• **PROBLEM DETAILS**: The line that contains "With a nation, as" marks the start. Please set it down, with every later line of the data, exactly and without pictures.
===
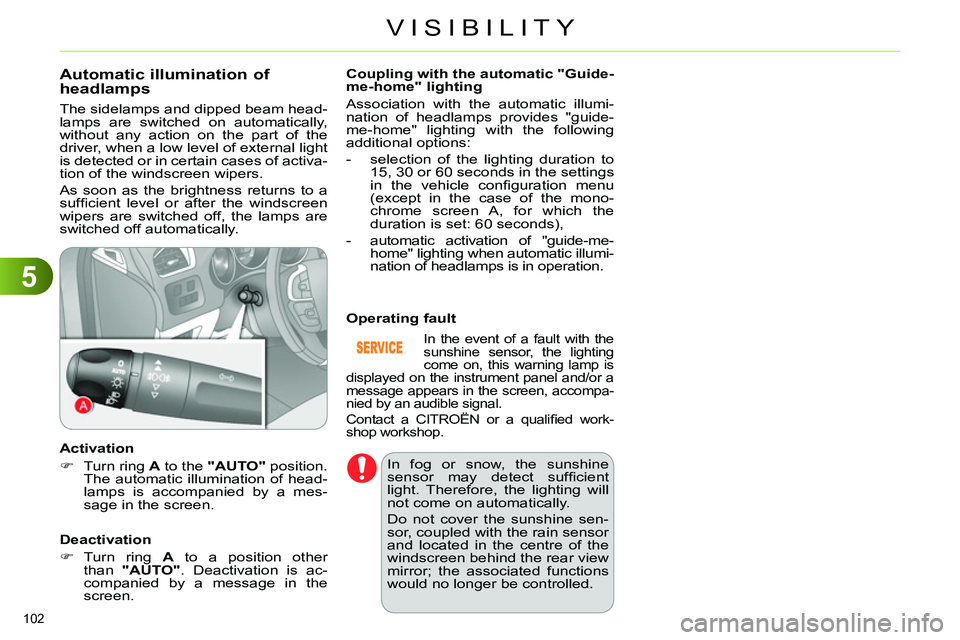 CITROEN C4 DAG 2013  Owners Manual 5
VISIBILITY
102 
   
 
 
 
 
 
 
 
 
Automatic illumination of 
headlamps 
  The sidelamps and dipped beam head-
lamps are switched on automatically, 
without any action on the part of the 
driver, w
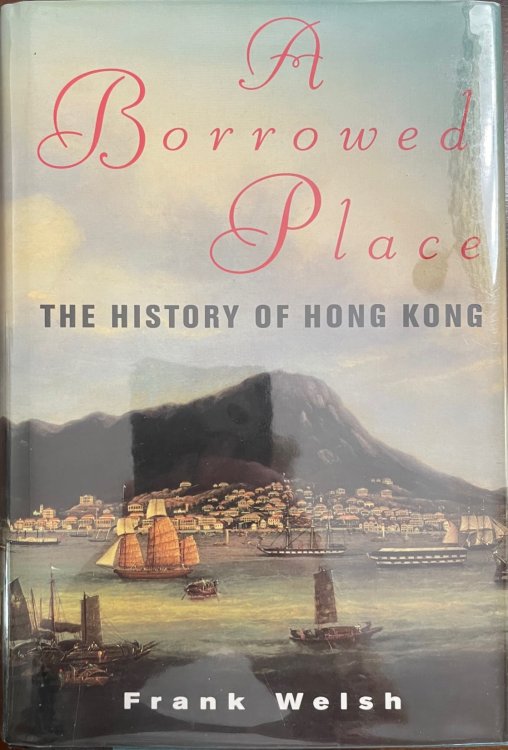 A Borrowed Place: The History of Hong Kong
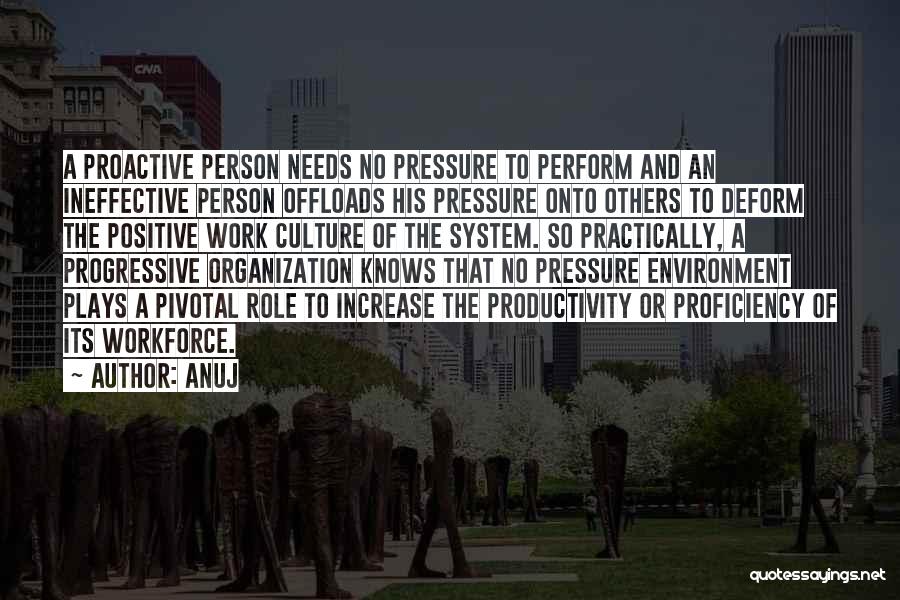 Anuj Quotes: A Proactive Person Needs No Pressure To Perform And An Ineffective Person Offloads His Pressure Onto Others To Deform The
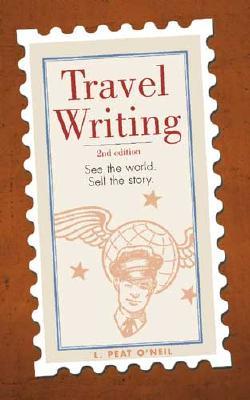 Travel Writing: See the World. Sell the Story.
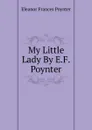 My Little Lady By E.F. Poynter. - Eleanor Frances Poynter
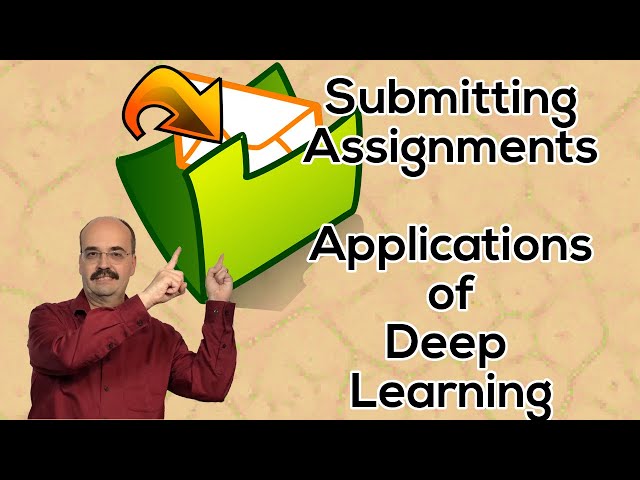 How to Submit Assignment for Application of Deep Learning (2020 update)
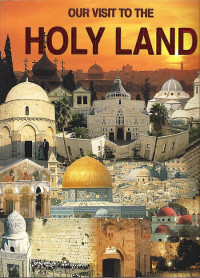 Image of Our Visit to the Holy Land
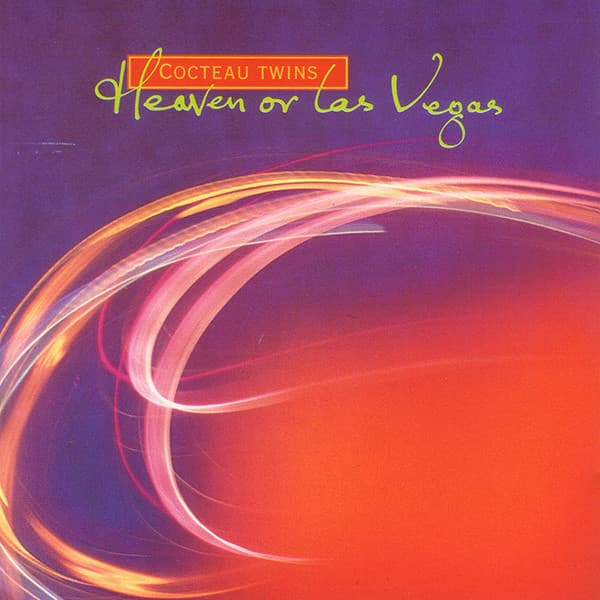 Heaven Or Las Vegas | Cocteau Twins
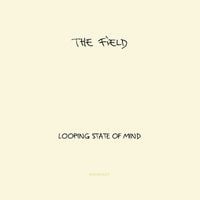 The Field - Looping State of Mind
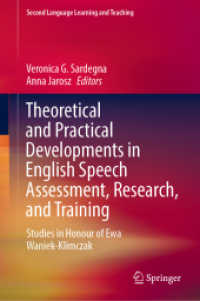 Theoretical and Practical Developments in English Speech Assessment, Research, and Training : Studies in Honour of Ewa Waniek-Klimczak (Second Language Learning and Teaching)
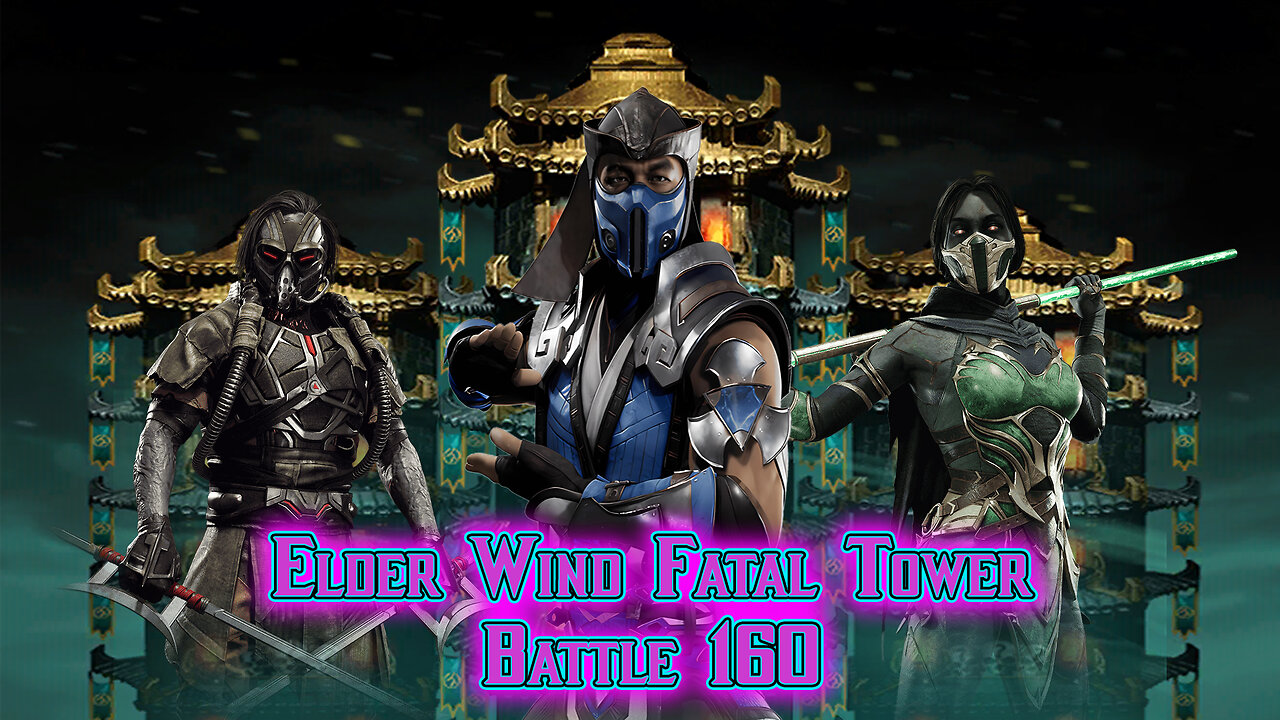 MK Mobile. Elder Wind Fatal Tower - [ Battle 160 ]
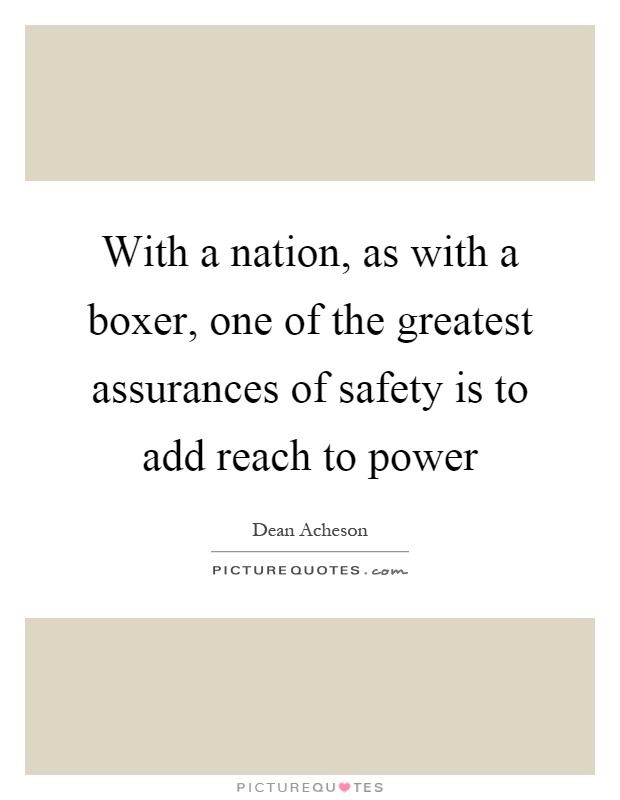 With a nation, as with a boxer, one of the greatest assurances of safety is to add reach to power Picture Quote #1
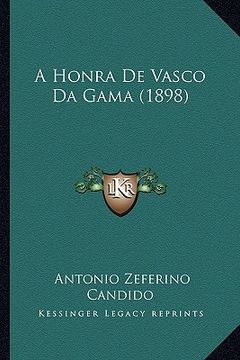 portada a honra de vasco da gama (1898) (en Inglés)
===
• **OUTPUT BELOW**:
 With a nation, as with a boxer, one of the greatest assurances of safety is to add reach to power Picture Quote #1
 portada a honra de vasco da gama (1898) (en Inglés)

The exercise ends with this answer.